Solar Energy, Vol.198, 81-92, 2020
Random forest regression for improved mapping of solar irradiance at high latitudes
Datasets from meteorological reanalyses and retrievals from satellites are the available sources of large-scale information about solar radiation. However, both the reanalyses and the satellite-based estimates can be severely biased, especially in high latitude regions. In this study, surface solar irradiance estimates from the ECMWF Reanalysis 5 (ERA5) and the Cloud, Albedo, Radiation dataset Edition 2 (CLARA-A2) were used as input to a random forest regression (RFR) model to construct a novel dataset with higher accuracy and precision than the input datasets.

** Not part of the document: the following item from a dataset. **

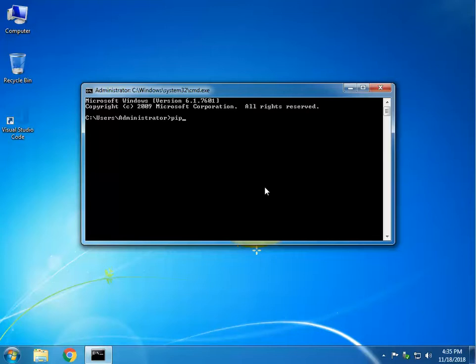So what is PIP? PIP is basically a helper — it helps Python, and you can use PIP to install modules, libraries, and packages for Python.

For daily averages of global horizontal irradiance (GHI) at Norwegian sites, CLARA-A2 and ERA5 respectively produced a root mean squared deviation (RMSD) of 17.9 Wm(-2) and 27.1 Wm(-2), a mean absolute deviation (MAD) of 11.9 Wm(-2) and 17.5 Wm(-2), and a bias of -1.5 Wm(-2) and 4.3 Wm(-2). In contrast, the proposed regression model provided an RMSD of 16.2 Wm(-2), an MAD of 10.8 Wm(-2), and a bias of 0.0 Wm(-2). This shows that the RFR model is both accurate and precise, and significantly reduces both dispersion and bias in the new dataset with respect to the constituent sources. A sky-stratification analysis was performed and it was found that the proposed model provides better estimates under all sky conditions with particular improvements in intermediate-cloudy conditions. The proposed regression model was also tested on five Swedish locations and it was found to improve surface solar irradiance estimates to a similar degree as for the Norwegian locations, thus proving its consistency under similar climatic conditions.